## INSTRUCTIONS TO FOLLOW
Retype each entry verbatim. Do not include the images.

## GIVEN INFORMATION
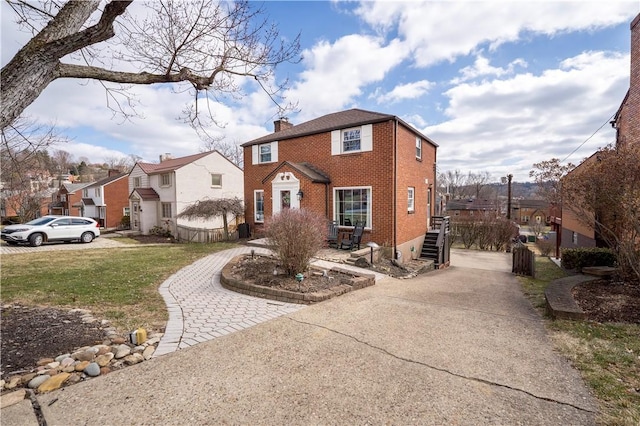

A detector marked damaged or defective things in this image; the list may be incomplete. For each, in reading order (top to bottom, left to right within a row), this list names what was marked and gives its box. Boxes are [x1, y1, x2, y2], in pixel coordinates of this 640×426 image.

driveway crack [288, 318, 596, 414]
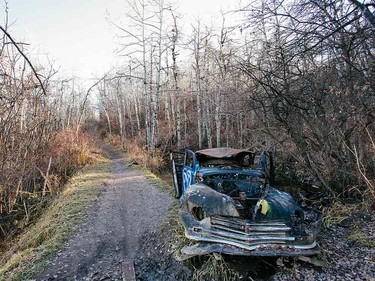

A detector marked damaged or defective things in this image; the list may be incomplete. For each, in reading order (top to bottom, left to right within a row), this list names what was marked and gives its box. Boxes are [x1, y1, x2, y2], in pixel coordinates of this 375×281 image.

abandoned car [172, 148, 322, 258]
rusted car body [172, 148, 322, 258]
second wrecked car [172, 148, 322, 258]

## ANSWER TO THIS EXERCISE
A detector marked damaged or defective things in this image; the list may be incomplete. For each, in reading order (top to bottom, left to right within a row), this list names what was marked and gives its box. Boxes are [x1, y1, x2, y2], in pixel coordinates of this 640×426 image.

driveway crack [288, 318, 596, 414]

A detector marked damaged or defective things in this image; the list may be incomplete. For each, in reading order (top to bottom, left to right within a row), this list names what was marked and gives its box. Boxes are [x1, y1, x2, y2], in pixel coordinates of this 375×281 image.

abandoned car [172, 148, 322, 258]
rusted car body [172, 148, 322, 258]
second wrecked car [172, 148, 322, 258]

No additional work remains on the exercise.